Master en Desarrollo Local. Director de la Fundación Donum, Cuenca. Exdirigente de Alfaro Vive Carajo.
En una reciente entrevista, Fernando Tinajero sostiene que el fanatismo es una abdicación de la razón. Lo que mueve a un fanático –añade– es la irracionalidad, es decir, la negación de una visión crítica del mundo. El fanático puede pensar, pero no tiene la capacidad de establecer relaciones complejas entre los componentes de la realidad.
Por ejemplo, a la luz de los hechos revelados en el último año, es obvio que durante el correato se puso en práctica un esquema perfectamente estructurado para saquear el erario nacional. En esa lógica, el discurso contra la prensa o contra los poderes fácticos nunca reflejó una postura política e ideológica honesta, sino una artimaña para impedir la fiscalización pública. La demolición institucional no pretendió ningún cambio estructural; tan solo quiso asegurar la impunidad de los ladrones.
Sin embargo, todavía existen ecuatorianos que están dispuestos a tragarse la rueda de molino de la conspiración imperialista (el lawfare) en contra del anterior gobierno.
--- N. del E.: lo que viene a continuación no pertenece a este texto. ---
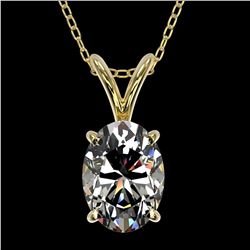 1 ctw Certified VS/SI Quality Oval Diamond Necklace 10k Yellow Gold - REF-239K3Y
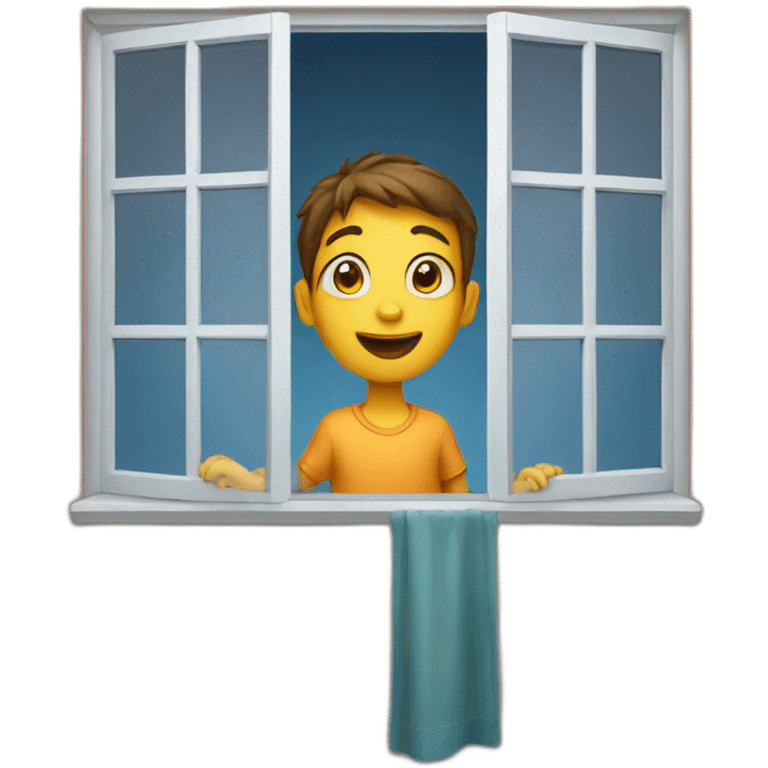 Kid standing in window emoji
Por encima de las evidencias, prefieren creer en los desmentidos de los involucrados. No tienen la capacidad para relacionar crítica y objetivamente los hechos. Solo tienen condición para la fe.
Emilio Gentile, uno de los más agudos estudiosos del fascismo italiano, plantea que el sustrato de esos proyectos totalitarios es la sacralización de la política, la creación de una religión de la patria. Se sustituye la ritualidad confesional por una ritualidad política. A partir de ese momento, las masas desechan el razonamiento y permiten su control absoluto desde el poder. La verdad queda circunscrita a la palabra del caudillo.
Uno de los mayores y más perversos resultados de este fenómeno es la enajenación colectiva. Con el tiempo, el gobierno no necesita controlar a la población, porque esta termina convencida de las virtudes del autoritarismo. Se controla a sí misma.
Durante el gobierno anterior, los publicistas del correato entendieron al dedillo el potencial de la religión en la política. Constantemente apelaron a la fe ciudadana desde el discurso oficial. No había que hurgar en los asuntos públicos, aunque apestaran. Únicamente había que creer.
Introducir la religión en la política es la mejor estrategia para anular a la sociedad. Mejor dicho, para anular la posibilidad de que la gente construya y pelee por su proyecto de vida, porque todo queda reducido a la subjetividad de los actores políticos.
Hoy, el debate sobre la despenalización del aborto está siendo distorsionado por grupos fanatizados que lo asumen desde posturas religiosas. No entienden que el derecho a interrumpir libremente el embarazo es un tema esencialmente político, pues atañe al poder de las mujeres frente al patriarcado. No se refiere a creencias sino a evidencias, a violencias cotidianas, a muertes evitables, a desigualdades históricas y estructurales.
Eloy Alfaro hizo una revolución para sacar a dios de la esfera pública. Como respuesta del fanatismo religioso, los curuchupas incineraron al laicismo en la hoguera de El Ejido. Un siglo después el Ecuador no termina de liberarse de ese vergonzoso retroceso.